How much disk space do shared libraries really save in modern Linux distros?
In the static vs shared libraries debates, I've often heard that shared libraries eliminate duplication and reduces overall disk space. But how much disk space do shared libraries really save in modern Linux distros? How much more space would be needed if all programs were compiled using static libraries? Has anyone crunched the numbers for a typical desktop Linux distro such as Ubuntu? Are there any statistics available?
开发者_如何学编程ADDENDUM:
All answers were informative and are appreciated, but they seemed to shoot down my question rather than attempt to answer it. Kaleb was on the right track, but he chose to crunch the numbers for memory space instead of disk space (my question was for disk space).
Because programs only "pay" for the portions of static libraries that they use, it seems practically impossible to quantitatively know what the disk space difference would be for all static vs all shared.
I feel like trashing my question now that I realize it's practically impossible to answer. But I'll leave it here to preserve the informative answers.
So that SO stops nagging me to choose an answer, I'm going to pick the most popular one (even if it sidesteps the question).
I'm not sure where you heard this, but reduced disk space is mostly a red herring as drive space approaches pennies per gigabyte. The real gain with shared libraries comes with security and bugfix updates for those libraries; applications using static libraries have to be individually rebuilt with the new libraries, whereas all apps using shared libraries can be updated at once by replacing only a few files.
Not only do shared libraries save disk space, they also save memory, and that's a lot more important. The prelinking step is important here... you can't share the memory pages between two instances of the same library unless they are loaded at the same address, and prelinking allows that to happen.
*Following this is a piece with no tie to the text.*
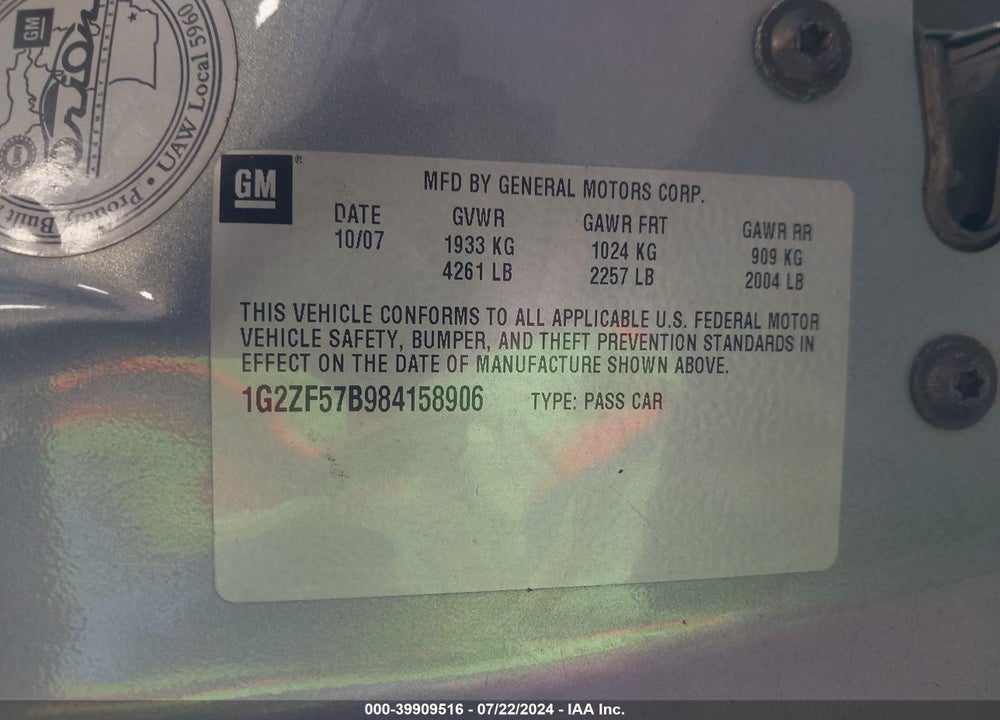 2008 PONTIAC G6 VALUE LEADER VIN: 1G2ZF57B984158906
Shared libraries do not necessarily save disk space or memory.
When an application links to a static library, only those parts of the library that the application uses will be pulled into the application binary. The library archive (.a) contains object files (.o), and if they are well factored, the application will use less memory by only linking with the object files it uses. Shared libraries will contain the whole library on disk and in memory whether parts of it are used by applications or not.
For desktop and server systems, this is less likely to result in a win overall, but if you are developing embedded applications, it's worth trying static linking all the applications to see if that gives you an overall saving.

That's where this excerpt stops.